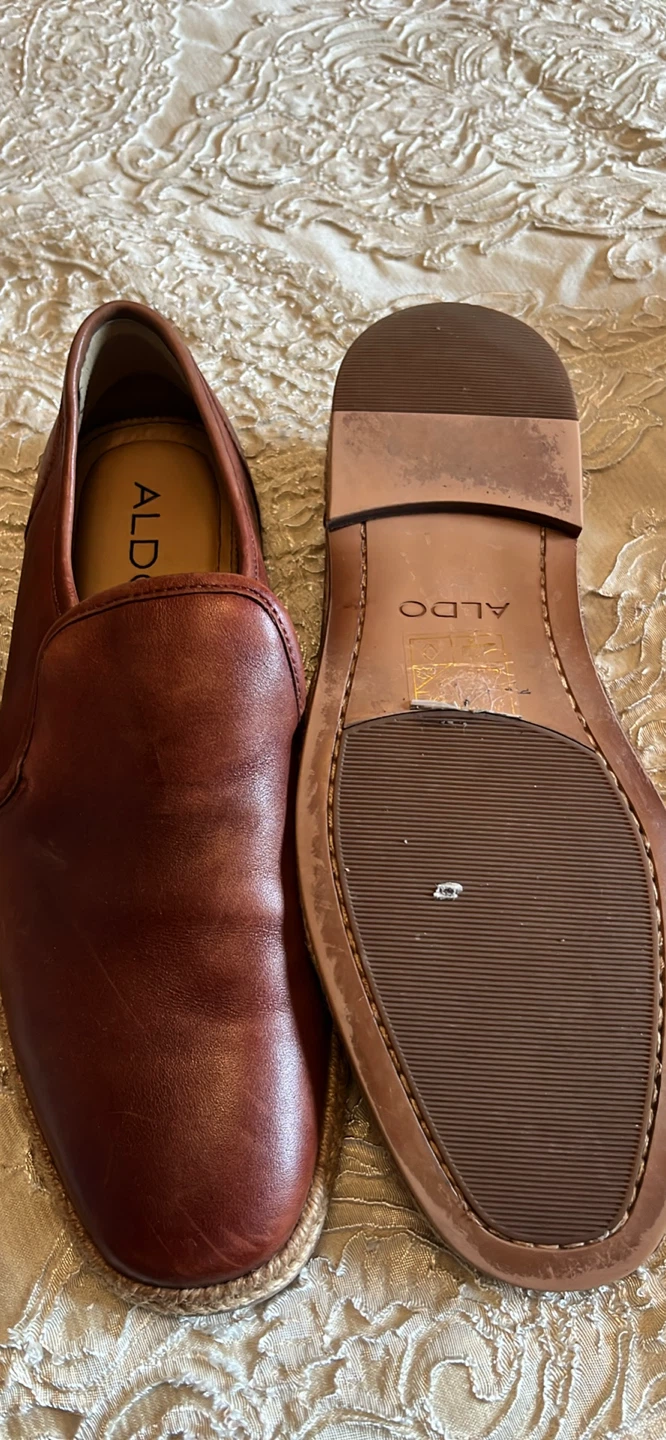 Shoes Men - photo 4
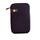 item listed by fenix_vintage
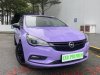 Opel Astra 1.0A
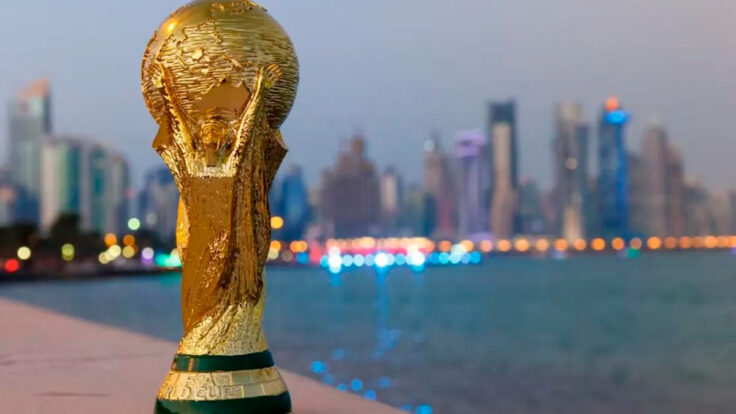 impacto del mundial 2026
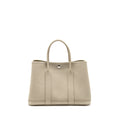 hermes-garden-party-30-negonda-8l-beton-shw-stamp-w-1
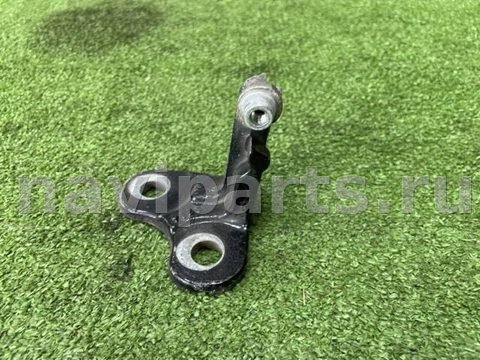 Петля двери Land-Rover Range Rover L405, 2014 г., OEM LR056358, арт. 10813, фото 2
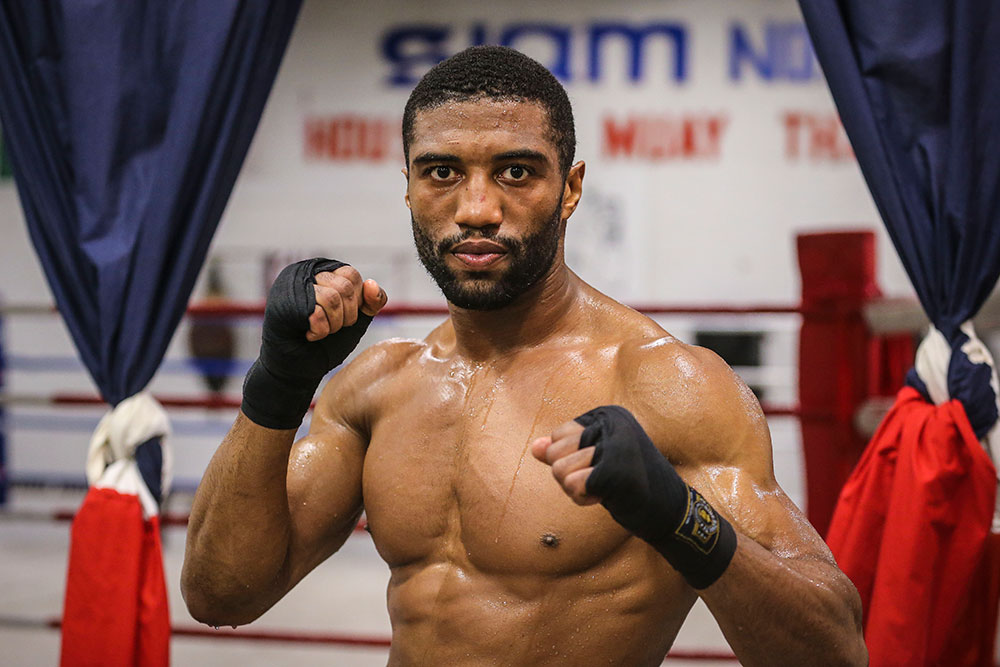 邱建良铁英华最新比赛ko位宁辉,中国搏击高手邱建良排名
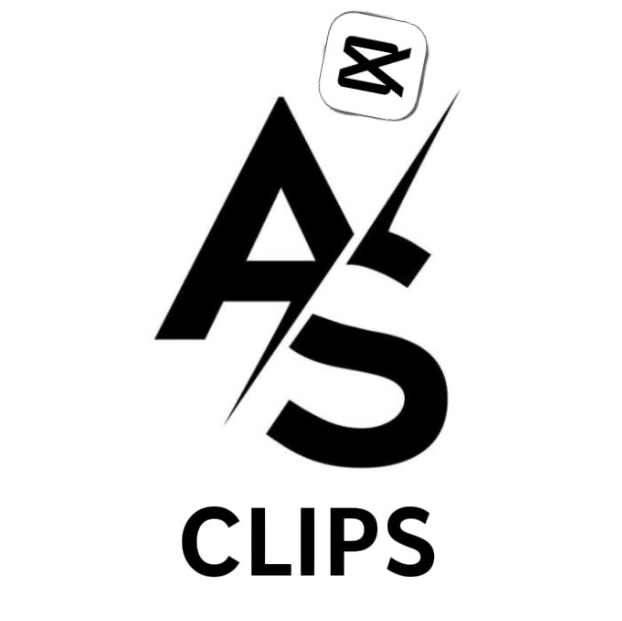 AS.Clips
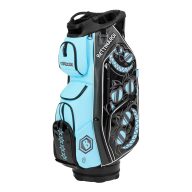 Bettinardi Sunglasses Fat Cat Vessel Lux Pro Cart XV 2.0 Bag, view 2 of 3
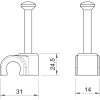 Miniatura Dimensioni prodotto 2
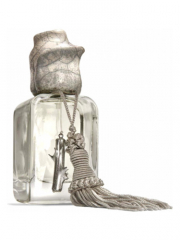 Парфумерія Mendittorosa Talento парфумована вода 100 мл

━━━━━━━━━━━━━━━━━━━━

▸ **YOUR TASK**:
Leave the pictures out. Extract exactly the lines running from the one with "邱建良铁英华最新比赛ko位宁辉,中国搏击高手邱建良排名" through the last entry, both ends included.

▸ **WRITTEN REPLY**:
 邱建良铁英华最新比赛ko位宁辉,中国搏击高手邱建良排名
 AS.Clips
 Bettinardi Sunglasses Fat Cat Vessel Lux Pro Cart XV 2.0 Bag, view 2 of 3
 Miniatura Dimensioni prodotto 2
 Парфумерія Mendittorosa Talento парфумована вода 100 мл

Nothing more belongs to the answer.